De zitting vond plaats op 21 augustus 2017, waar beide partijen vertegenwoordigd waren door hun gemachtigden. De rechter heeft in zijn overwegingen vastgesteld dat appellante enkel het beroep wenste te handhaven om in aanmerking te komen voor teruggave van het griffierecht, nu de minister de bestreden beschikking niet had ingetrokken of gewijzigd. De rechter heeft geconcludeerd dat er geen belang meer was bij het beoordelen van het uitblijven van een beslissing op het bezwaar, waardoor het beroep niet-ontvankelijk werd verklaard.

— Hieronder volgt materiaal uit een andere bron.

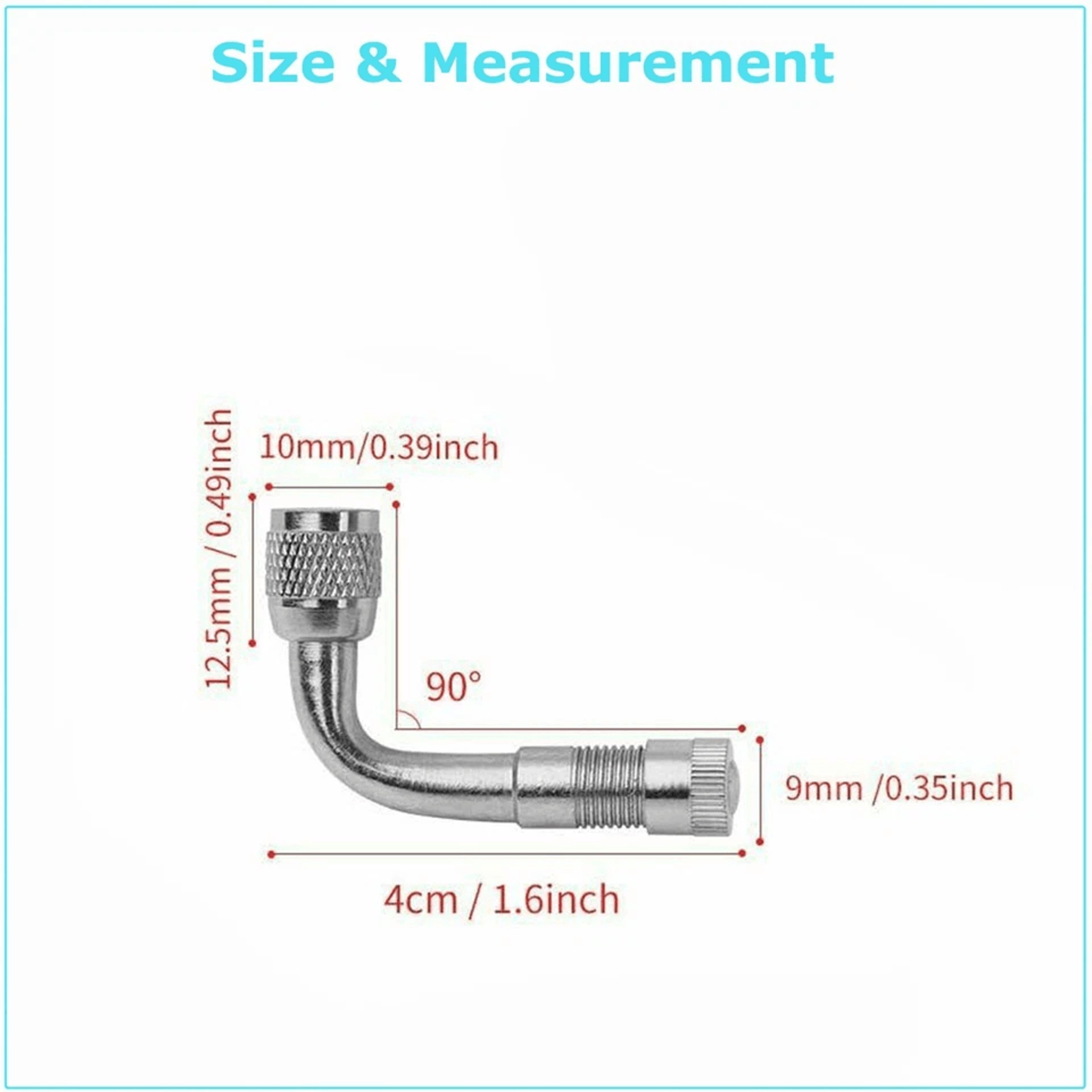 Angle Adaptor Air Tire Valve Extension Degree Motorcycle And Car Stem Extender Durable With Metal D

De uitspraak werd gedaan op 9 oktober 2017 door mr. M.E.B. de Haseth, en tegen deze uitspraak staat hoger beroep open bij het Hof, dat binnen zes weken na de dag van de uitspraak moet worden ingesteld.

Uitspraak

Uitspraak van 9 oktober 2017
AUA201601477
GERECHT IN EERSTE AANLEG VAN ARUBA
UITSPRAAK
op het beroep in de zin van de
Landsverordening administratieve rechtspraak (Lar) van:
[appellante]
verblijvend in Aruba,
APPELLANTE,
gemachtigde: de advocaat mr. D.G. Kock,
gericht tegen:
de minister van Ruimtelijke Ontwikkeling, Infrastructuur en Integratie,
zetelend in Aruba,
VERWEERDER,
gemachtigde: mr. M.D. van Wilgen (DIMAS).

1.PROCESVERLOOP

Bij beschikking van 26 februari 2016 heeft verweerder een verzoek van appellante om haar een vergunning tot tijdelijk verblijf te verlenen afgewezen.
Daartegen heeft appellante op 7 april 2016 bezwaar gemaakt.
Tegen het uitblijven van een beslissing op het aldus gemaakte bezwaar heeft appellante op 29 augustus 2016 beroep ingesteld bij dit gerecht.
Op 6 december 2016 heeft verweerder een verweerschrift ingediend.
Het gerecht heeft de zaak ter zitting behandeld op 21 augustus 2017, waar partijen, vertegenwoordigd door voornoemde gemachtigden, zijn verschenen.
Uitspraak is bepaald op heden.

2.OVERWEGINGEN

2.1
In het verweerschrift heeft verweerder te kennen gegeven dat hij bij beschikking van 30 november 2016 alsnog heeft beslist op het door appellante gemaakte bezwaar. Daarbij heeft hij dat bezwaar ongegrond verklaard en de afwijzing van 26 februari 2016 gehandhaafd. Een afschrift van deze beschikking is bij het verweerschrift gevoegd. Deze stukken zijn eerst ter zitting aan appellante uitgereikt. Daarop is zijdens appellante te kennen gegeven dat zij voornemens is tegen de beschikking van 30 november 2016 rechtsmiddelen aan te wenden en dat zij het voorliggende beroep slechts wenst te handhaven om in aanmerking te komen voor teruggave van het door haar betaalde griffierecht. Onder deze omstandigheden bestaat evenwel geen belang bij het beoordelen van het met een afwijzende beschikking gelijkgestelde uitblijven van een beschikking op het bezwaar van appellante gericht tegen de beschikking van 26 februari 2016.
2.3
Het beroep is niet-ontvankelijk.
2.4
Nu verweerder de bestreden fictieve afwijzende beschikking niet ten voordele van appellante heeft ingetrokken dan wel gewijzigd, bestaat geen aanleiding voor teruggave van het griffierecht, zoals door appellante verzocht (artikel 30, tweede lid, van de Lar).

3.BESLISSING

De rechter in dit gerecht:
- verklaart het beroep niet-ontvankelijk.
Deze beslissing werd gegeven door mr. M.E.B. de Haseth, rechter in dit gerecht, en uitgesproken ter openbare terechtzitting op maandag 9 oktober 2017 in aanwezigheid van de griffier.
Tegen deze uitspraak staat hoger beroep open bij het Hof (art. 53a LAR).
Het hoger beroep wordt ingesteld binnen zes weken na de dag waarop de beslissing op het beroep is gedagtekend. De instelling van het hoger beroep geschiedt door indiening bij de griffie van het Gerecht van een aan het Hof gericht beroepschrift (art. 53b LAR).